Dotter of Her Father’s Eyes relates the struggles of two such human sacrifices in the battle of ideological paradigm shift. Both Lucia (James Joyce’s only daughter) and Mary Talbot (this book’s scribe) were real combatants in a war they may not have even been quite aware they were embroiled in. Certainly, they recognized the fact of the skirmishes that framed their lives’ choices and developments, but could they have known from the inside just how monumental the transformation being wrought upon the kingdom of Western Civilization was? (It’s possible, of course, but the young are rarely the most aware of the larger struggles that govern the architecture of their lives.)

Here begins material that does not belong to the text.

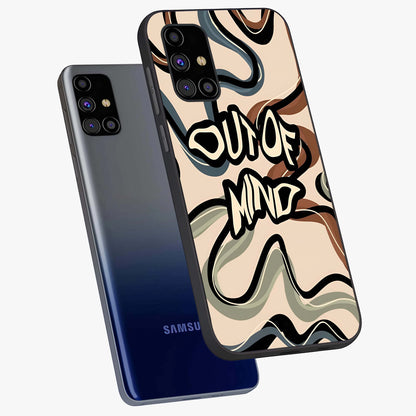 Out Of Mind Glass Case displayed in angled mockup highlighting bold statement design with modern artistic aesthetic.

Ideas are important and have value because people believe in them.11Terry Gilliam played this to interesting effect in his Baron Munchausen. Gilliam focuses his narrative lens on the birth of the age of reason and represents his ideological combatants as individuals with fantastic powers. Throughout the adventure, Gilliam treats us to the blending of the literal and the ideological such that the conflict between the two is made more tangible. Really, I’m not sure that Baron Munchausen has much to do with Dotter, but I think we shouldn’t probably miss any opportunity to remind ourselves of Gilliam’s genius. Plus, isn’t this kind of what footnotes are for? And not just in the sense of casual assent. Not like how I believe that Antarctica exists but can’t be bothered to shape my life around the fact. Discovering Antarctica isn’t actually there or is there but underwater or is a flying continent—or probably really anything I could discover about Antarctica won’t do much to ruffle the feathers of my life. If someone brings it up in conversation, the entire summation of my response would accurately be distilled to: Huh. Interesting. If, however, you and forty otherwise intelligent people tried to seriously convince me and society that having kids was actually evil, my reaction would almost certainly be more visceral (depending on how real I believed the threat to my way of life to be). At the least, there might be defensiveness and some frustration. As the threat escalates, tolerances strain and violence or unhappy legislation (for one or both sides) may erupt.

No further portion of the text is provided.